Stepan Kubiv (, Stepan Ivanovych Kubiv; born March 19, 1962) is a Ukrainian politician who was a former First Vice Prime Minister of Ukraine and simultaneously Minister of Economic Development and Trade of Ukraine from April 2016 to August 2019. He is also a former acting chairman of the National Bank of Ukraine.

Education 
1984 – graduated from Lviv State University named after Ivan Franko, faculty of mathematics

2002 – graduated from National University "Lviv Polytechnic", specialty Finance

2006 – defended his thesis, Ph.D. in Economics

2007 – Associate Professor, Marketing and Logistics Department, National University "Lviv Polytechnic", aftermath – academician

Career

Prior to convocation 
1983-1988 Researcher, Ivan Franko University in Lviv,

1988-1991 Youth worker, municipality of Lviv, director

1991-1994 Student union of Lviv, director

1994-2000 Western Ukrainian Commercial Bank, Chairman from 1997.

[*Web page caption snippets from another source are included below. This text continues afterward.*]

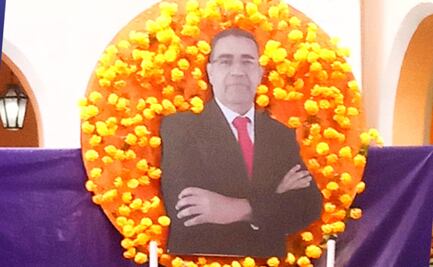 Dedican ofrenda a Javier López Díaz en Puebla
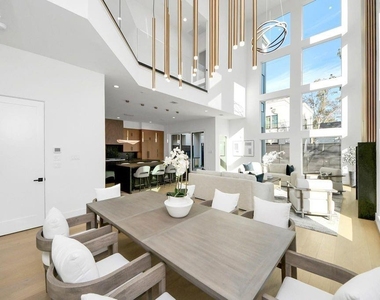 2232 Swift Boulevard - Photo Thumbnail 4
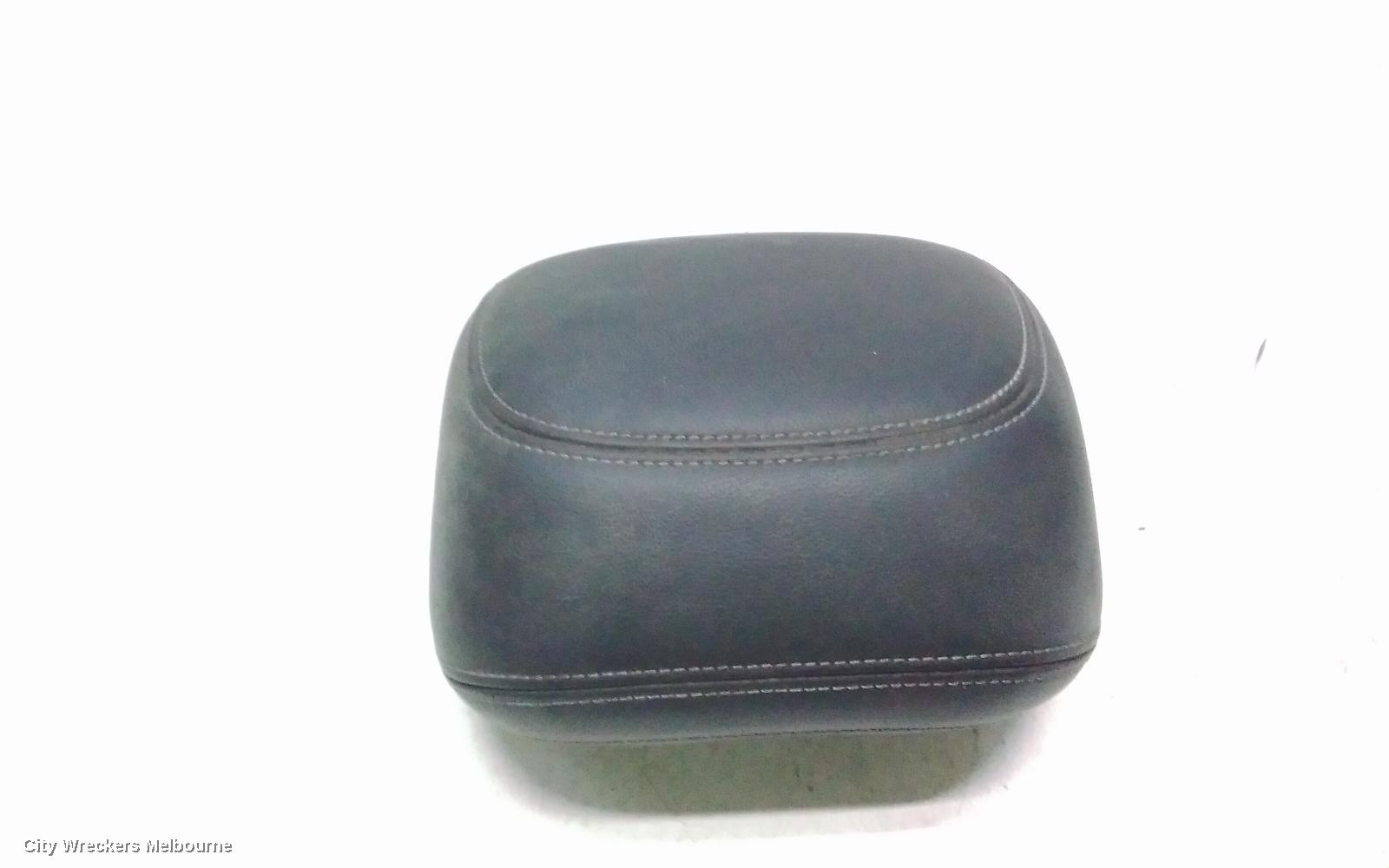 RENAULT KALEOS HEADREST, XZG, 05/2016 ONWARDS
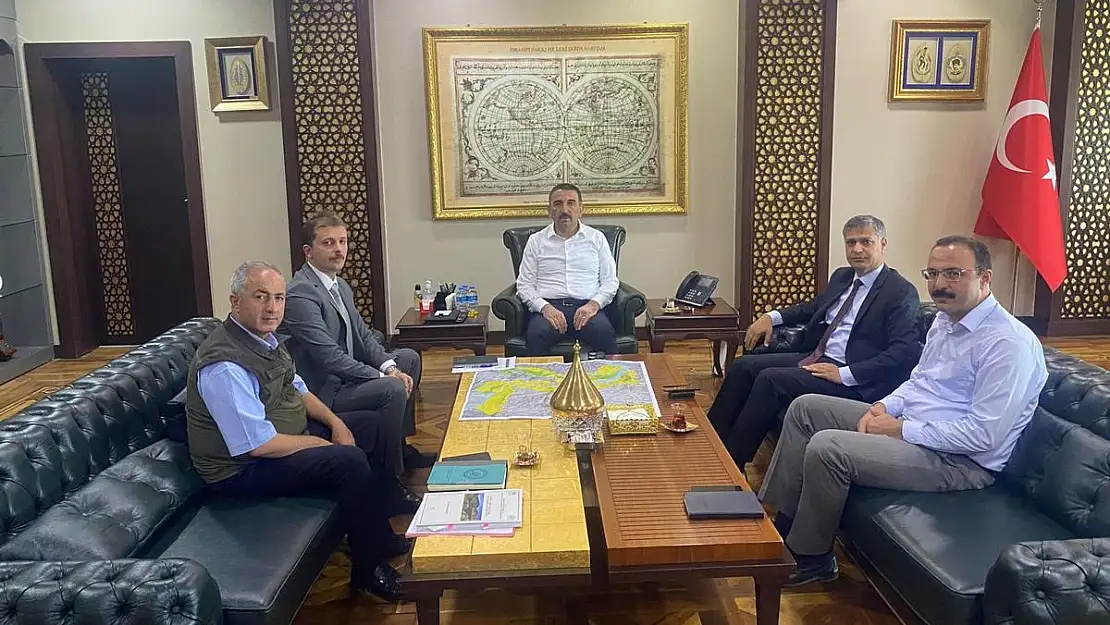 Melikunnas Özkaya Vali'yi Ziyaret Etti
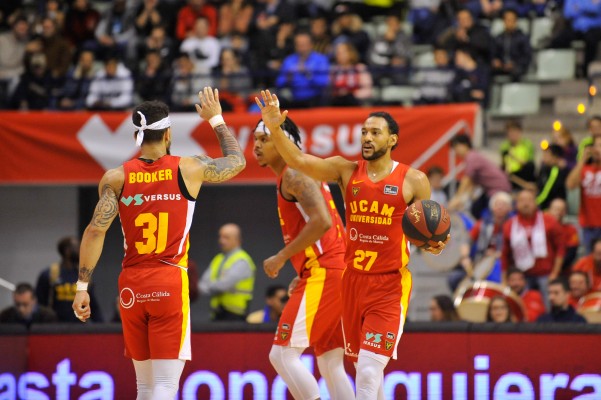 Rojas y Booker copan el protagonismo en las mejores jugadas del UCAM CB esta temporada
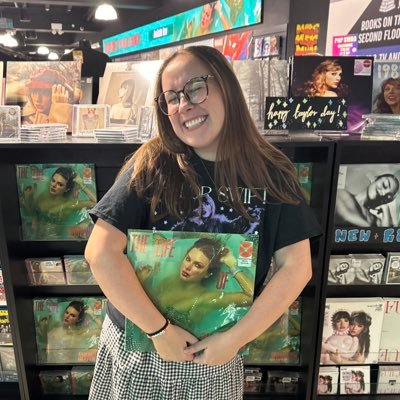 thetaylight's profile picture. “𝐣𝐮𝐬𝐭 𝐛𝐞 𝐲𝐨𝐮𝐫𝐬𝐞𝐥𝐟, 𝐭𝐡𝐞𝐫𝐞 𝐢𝐬 𝐧𝐨 𝐨𝐧𝐞 𝐛𝐞𝐭𝐭𝐞𝐫” ✨ she/her | 23 | rep tour london | eras tour vegas, cardiff, london, dublin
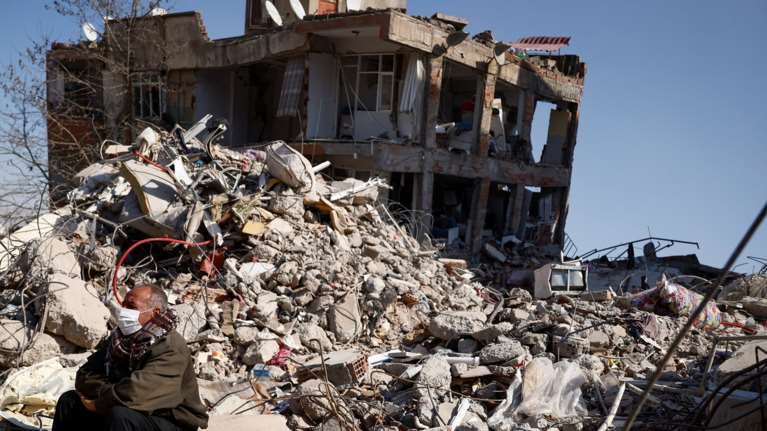 Σεισμός σε Τουρκία - Συρία: Νέος τραγικός απολογισμός - Πάνω από 25.000 οι νεκροί και στις δύο χώρες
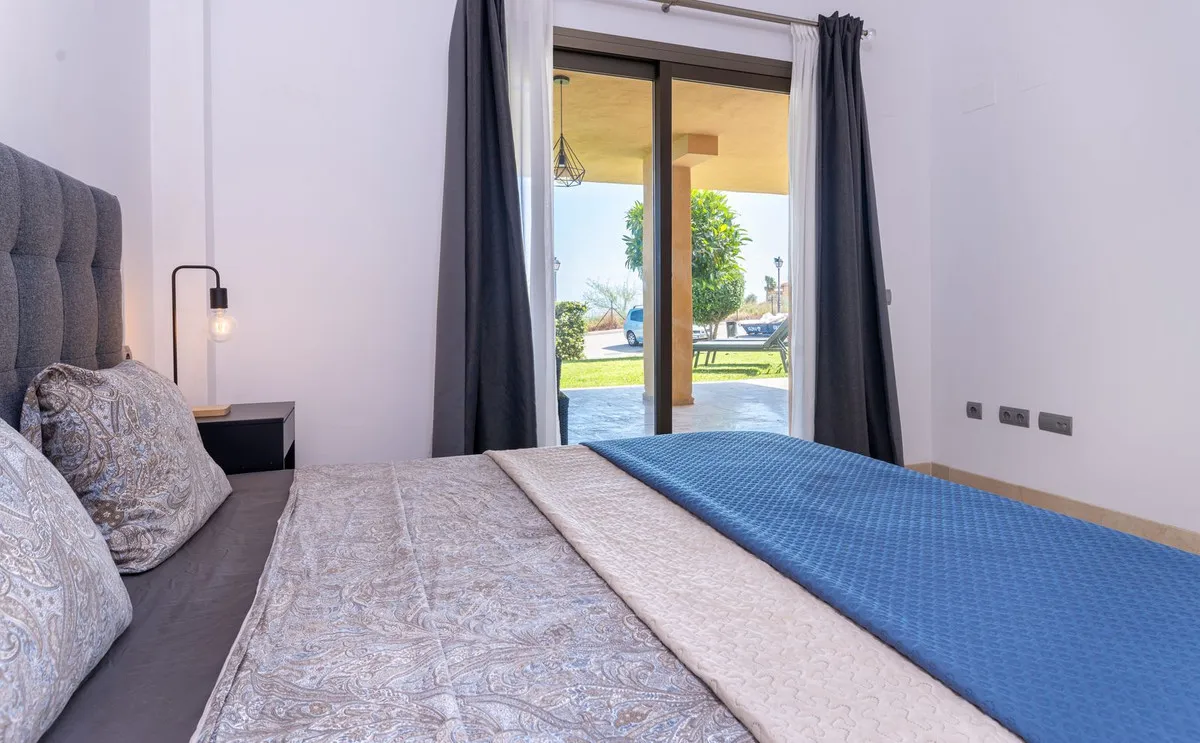 553e16f4-4b0a-4648-a4e1-585050c8be54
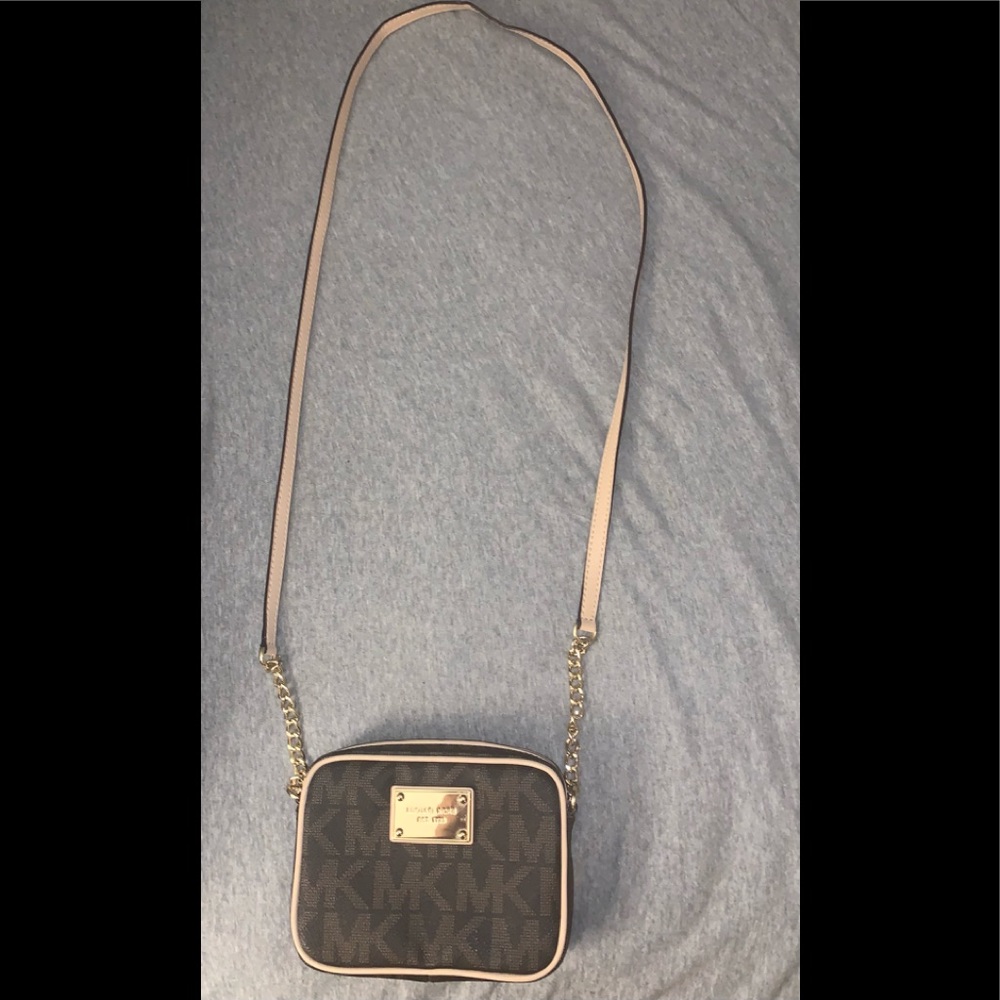 MIchael Kors mini crossbody jet set bag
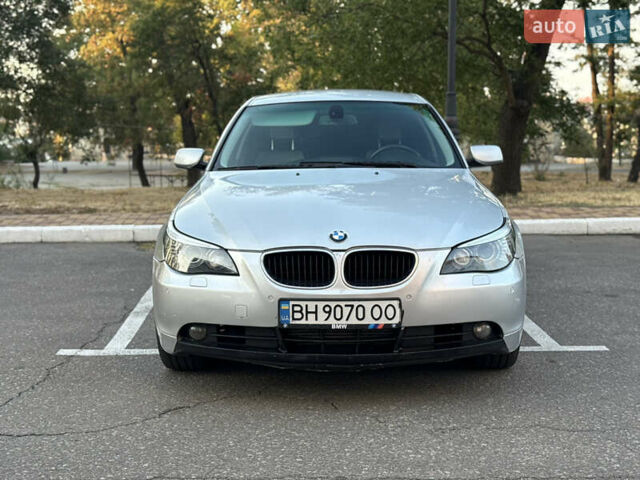 Серый БМВ 5 Серия, объемом двигателя 2.5 л и пробегом 320 тыс. км за 6850 $, фото 22 на Automoto.ua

2000-2008 JSC Kredobank, Chairman

2008 to present, Associate Professor of Marketing and Logistics "Lviv Polytechnic".

From 2010 to 2012 Bank Supervisory Board.

Post convocation 
From December 12, 2012 parliament VII of Ukraine.

2013-2014 commander in the House of Trade Unions in Kyiv, during the mass anti-government protests in Ukraine.

24 February 2014, Chairman of the National Bank of Ukraine.

28 February 2014, Member of the National Security Council.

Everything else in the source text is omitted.